Much as they all seem to hate one another, members of the House and the Senate are all under siege by the bloggers and activists for putting their careers and constituents over the ideals of the bloggers and activists — by refusing the use of some dubious measures to ram the Senate’s unsavory bill through the House.

“Pass. The. Damn. Bill.” they rail on their Web sites, saying the politicians are in trouble already, and things can’t get worse. “Yes, they can,” say people who have run in or worked for campaigns.

“To ask House Democrats to vote for the Senate bill … would be political suicide,” says Mark Shields, noting the public clearly has spoken, and that Republicans already are drooling at the prospect of hanging the Cornhusker Kickback around Democrats’ necks.

What unites them is growing disdain for Obama, by the activists, who believe he betrayed them, and by the moderates, who think his Big Bang has blown up in their faces, and that they have been sacrificed to push an agenda that they and their voters don’t like.

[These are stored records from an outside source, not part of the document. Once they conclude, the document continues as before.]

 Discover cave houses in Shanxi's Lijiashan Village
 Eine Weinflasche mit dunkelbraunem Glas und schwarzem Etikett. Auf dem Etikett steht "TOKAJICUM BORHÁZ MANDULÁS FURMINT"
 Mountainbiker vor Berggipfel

When Blanche Lincoln complained, Charles Lane noted Obama’s indifference: “Conceding nothing, he implied that her defeat was not only a foregone conclusion, but an acceptable price to pay.”

But if centrists blame him for his agenda itself, liberals blame him for not pushing it harder: “Pelosi and her allies blame the collapsing health care negotiations in part on Obama’s reluctance to sacrifice political capital to seal a final deal in mid-2009,” says Politico, noting that all are confused by the lack of direction:

Members have no idea which is the real strategy, or if a real strategy even exists.

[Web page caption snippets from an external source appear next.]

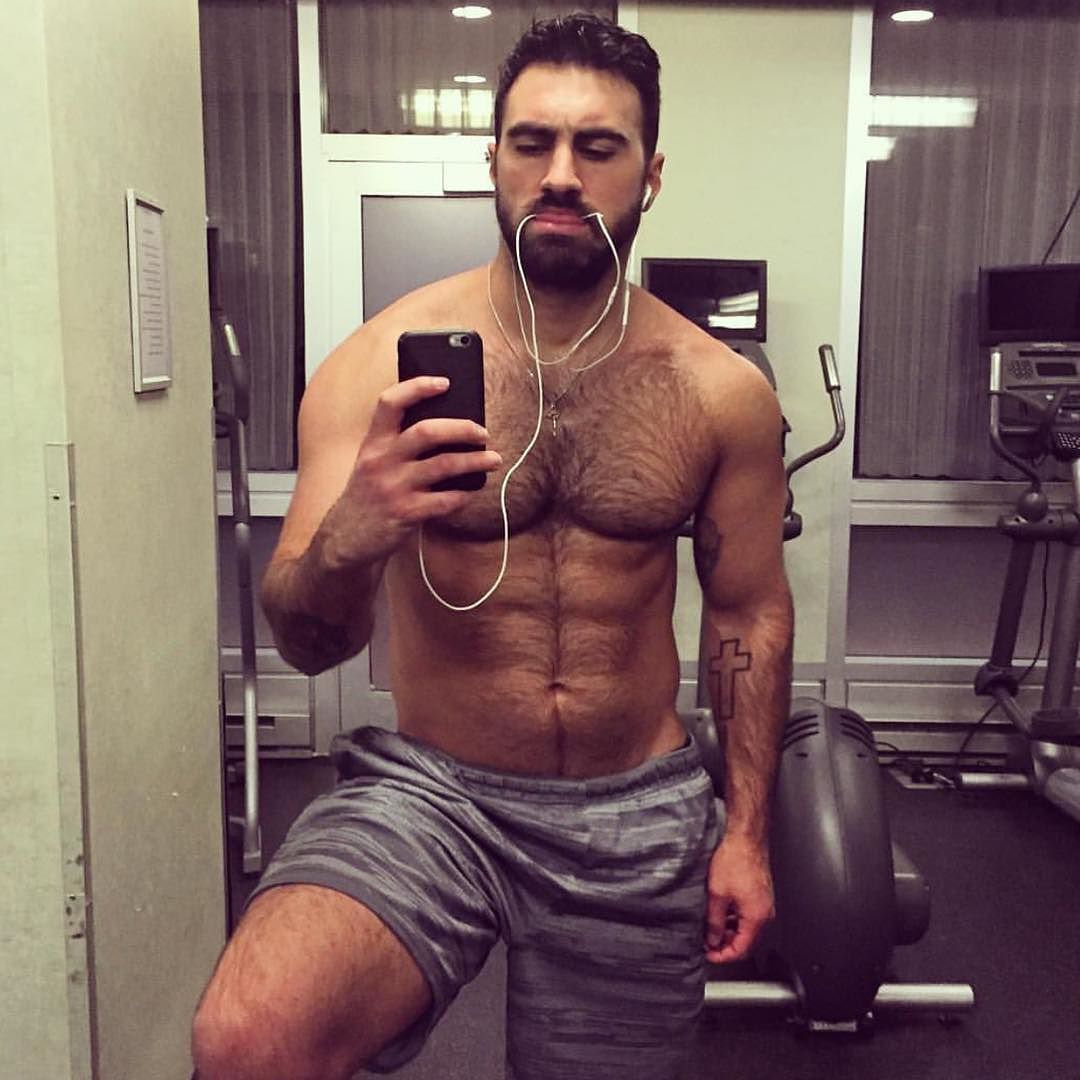 hairy muscle man gym selfie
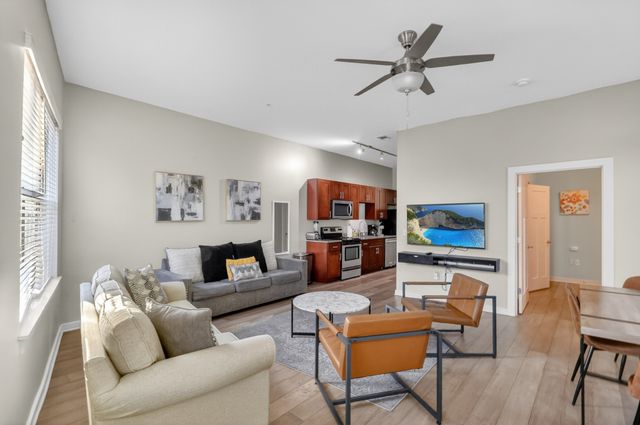 1700 Belcourt Ave Apt 301, Nashville, TN 37212
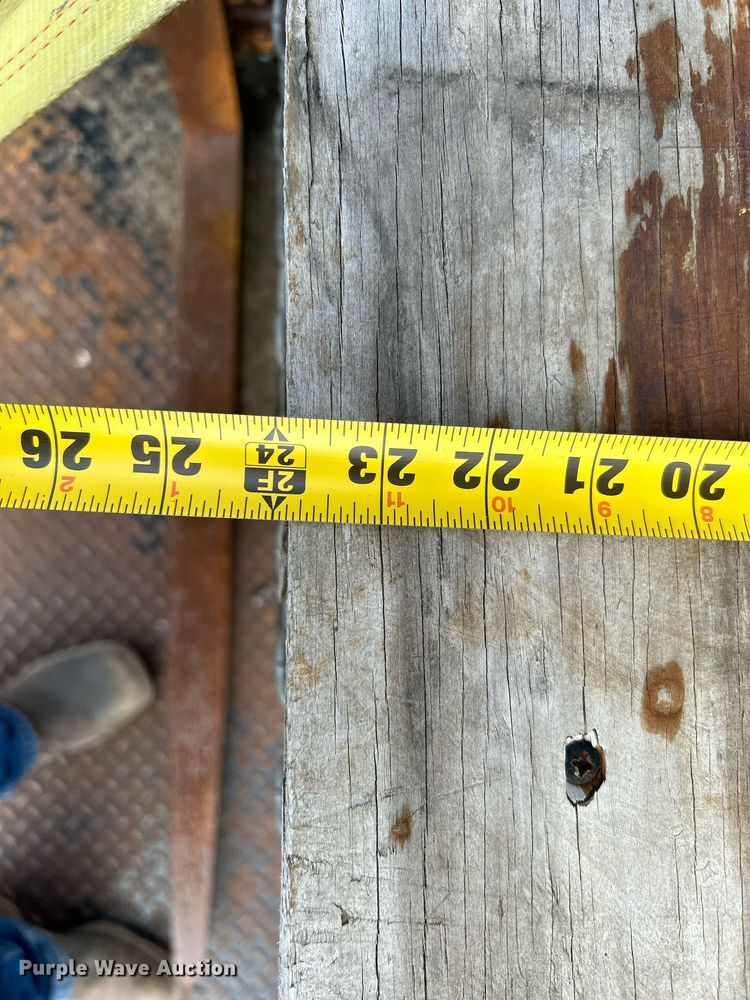 image for item DI7904 1990 Ford F800  crane truck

Activists say not passing the bill will depress the base and prove the party unable to govern, having wasted a year and a supermajority. On the other hand, passing the bill by dubious measures will prove it can govern: by giving people what they have shown they don’t want.

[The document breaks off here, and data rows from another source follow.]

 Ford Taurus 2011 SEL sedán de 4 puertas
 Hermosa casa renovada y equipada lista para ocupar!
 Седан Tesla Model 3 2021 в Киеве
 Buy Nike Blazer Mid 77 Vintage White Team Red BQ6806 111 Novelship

Depress the base, or enrage independents: the ideal lose-lose situation. And somehow the Democrats have contrived to do both.

Remember the old days, when wedge issues were something you outsourced to the enemy, and didn’t inflict on yourself?

In 1988, Lee Atwater found out that people didn’t like giving furloughs to killers, and converted the Democrats’ 17-point lead in the summer to a 7-point victory by George Bush 41. In 2009, Democrats found a way to invent their own wedge issues and turn them against their own party, electing Sen. Scott Brown 41, R-Mass.: the 41st seat that ended their supermajority.

This is the genius of Barack Obama. One can’t exactly say it’s too hopeful. But you can certainly call it a change.

Examiner Columnist Noemie Emery is contributing editor to the Weekly Standard and author of “Great Expectations: The Troubled Lives of Political Families.”